Another set of concerns relating to policy-making processes is the growing influence of the scientific and private sector in policy development and how to balance this with public concerns. Issues of public trust, accountability and transparency, as well as farmers’ and consumers’ rights, underlie much of this.
In many arenas, public objection to and concerns about GMOs are important constraints to GM research and the commercialization of GM products. Globally, these concerns focus on health and environmental implications.

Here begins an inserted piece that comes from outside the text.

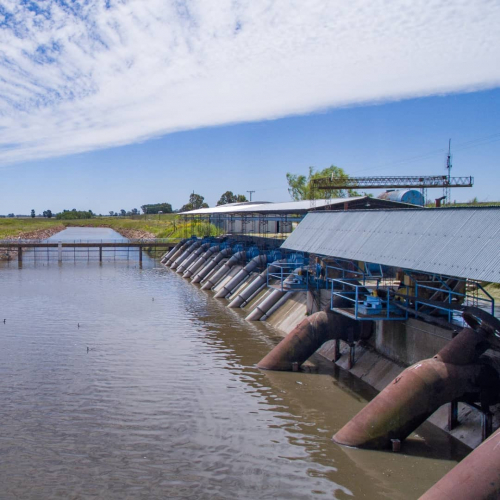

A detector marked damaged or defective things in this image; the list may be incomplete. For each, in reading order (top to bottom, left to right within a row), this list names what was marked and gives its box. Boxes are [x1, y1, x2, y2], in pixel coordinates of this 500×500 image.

These concerns stem from the continuing high levels of uncertainty around impacts and risks as well as the poor dissemination and communication of available information. No technology or human activity is completely risk-free; people accept new technologies because they believe the potential benefits outweigh the potential risks (CBD and UNEP 2003). Public mistrust of private sector motives resulting from past private sector behaviour in potentially risky areas such as tobacco, pharmaceuticals and chemicals is also a factor (Mohamed-Katerere 2003). Some are concerned about possible dumping by companies or nations in efforts to dispose of surplus stocks or to recoup the cost of R&D. In Southern Africa, some governments have expressed similar concerns about GM food aid (Mohamed-Katerere 2003). In Africa, public concerns have revolved around ethical issues, food security and livelihood concerns, farmers’ and consumer rights, and non-inclusive policy processes. Farmers’ organizations in West African countries have, in voicing their objection to the introduction of GM crops, focused on a range of factors that undermine the productive agricultural sector, including European Union (EU) and US cotton subsidies, and are beginning to look more critically at the dominant model of cotton production, questioning the need for chemical inputs and looking for means to reduce their dependence on cotton (GRAIN 2004). Researchers and farmers are successfully rebuilding agricultural practices based on farmer knowledge and local resources that greatly reduce the use of pesticides (GRAIN 2004).
Given the magnitude of what is at stake, these concerns remain, despite the policy and regulatory frameworks on environment and biosafety developed under the CBD in 1992 and its Cartagena Protocol in 2000, which specifically regulates the transboundary movement of living modified organisms.